10)  After Pythagoras' discourse on vegetarianism, he goes on to discuss transformation (i.e., metamorphosis).  What principle does he describe as the governing one in the universe, and in what ways does he demonstrate its operations?

11)  Pythagoras says, "All these creatures...derive their origin from something other than themselves."  What might that mean for the relations of species to each other (including humans)?  Does this seem consistent with what you expect a Roman poet to think?
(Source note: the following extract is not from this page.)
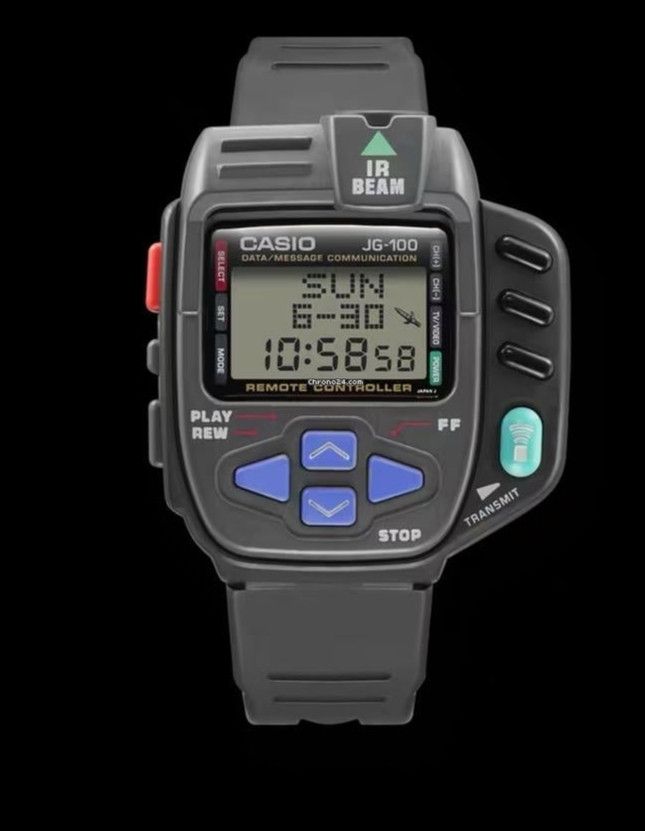 Other Vintage Casio JG 100 Cyber Cross Remote Size ONE SIZE - 4 Thumbnail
12)  In tracing evidence of change in world time, Pythagoras observes many cities which have risen in power only to fall: Troy, Sparta, Mycenae, Thebes, and Athens.  Then Ovid has Pythagoras (remember he's a Greek character living before Rome's rule) predict that "one, born of Julus' line, will make [Rome] mistress of the world."  What implication does he fail to develop in a text which has as its theme metamorphosis?

13)  How does Ovid handle Caesar's deification?  Especially consider this in the context of Hadas' comment in #1 above.

14)  How does Ovid's claim for his work in the valediction relate  to the theme of the Metamorphoses itself?  How does Ovid live on?  In what sense is this true?  Think about his repeated use of metaphors and similes that become literally true (in Hercules and Deineira, jealousy might be understood to have "poisoned" their relationship, both as a metaphor and in fact).  Has Ovid got any more than a metaphorical right to claim an afterlife in this fashion?  What is "life"?  Or life.